1. ## Asymptote Question...

I have found the slant asymptote of $\displaystyle \frac{x^4-6x^3-11x^2+60x+100}{x^3-9x^2+27x-27}$ to be $\displaystyle y=x+3$. Somehow, on it's graph, the slant looks totally off. What is the problem with my math? The factored form that was given is $\displaystyle \frac{(x-5)^2(x+2)^2}{(x-3)^4}$. Thanks!

2. Originally Posted by nivek516
I have found the slant asymptote of $\displaystyle \frac{x^4-6x^3-11x^2+60x+100}{x^3-9x^2+27x-27}$ to be $\displaystyle y=x+3$. Somehow, on it's graph, the slant looks totally off. What is the problem with my math?
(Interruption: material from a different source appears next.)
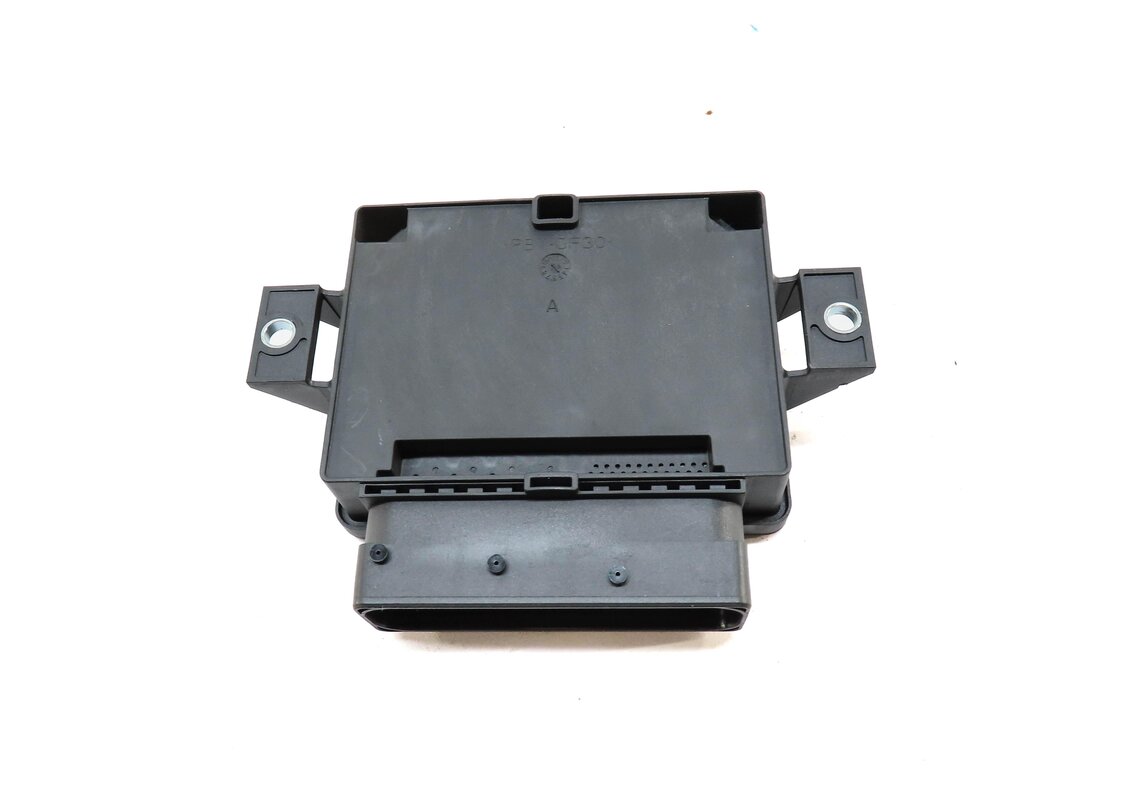 Thumbnail 3: 2015 RANGE ROVER SPORT (L494) EMERGENCY HILL PARKING E-BRAKE CONTROL MODULE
The factored form that was given is $\displaystyle \frac{(x-5)^2(x+2)^2}{(x-3)^{\color{red}4}}$. Thanks!
Do you mean $\displaystyle (x-3)^3 = x^3 - 9x^2 + 27x-27$? If so then your expansions are correct and your slant asymptote is correct. The graph you're looking at might be wrong .... Is it a graph you've drawn using technology? Check how you entered the equation.

3. Hello nivek:

Your math looks fine; the equation of the slant asymptote is y = x + 3.
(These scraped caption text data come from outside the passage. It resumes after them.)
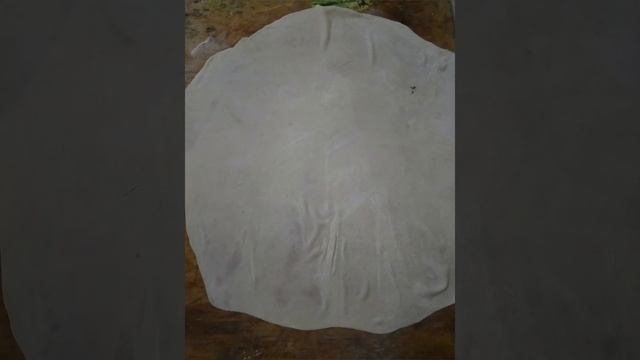 Штрудли/Нудли с мясом смотреть онлайн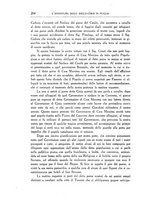 giornale/RML0024166/1932/unico/00000232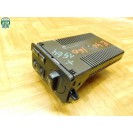 Lichtschalter Dimmer LWR Schalter BMW 3 3er E46 6925076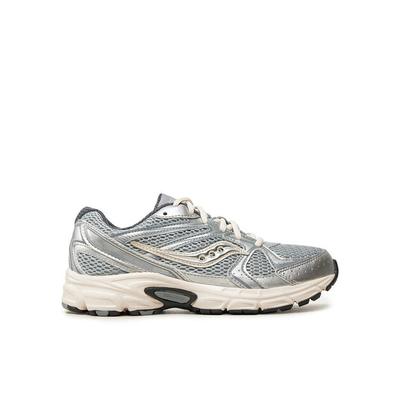 S60812 8 Sneakers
(There is a typographical error in your factored form; the exponent in the denominator should be 3.)

What do you mean by saying that the slant on your graph is off?

The slope is one; if the scales on both axes are the same, then the graph of y = x + 3 should make a 45-degree angle with the horizontal axis.

Cheers,

~ Mark

4. Yes, I typed in the wrong equation in my post. When I say the asymptote is off, I mean that the graph in quadrant 1 begins at around x=3 and avoids the asymptote. As $\displaystyle x\rightarrow \infty$, the graph starts to acknowlege the aymptote. Take a look. Could you explain why this happens?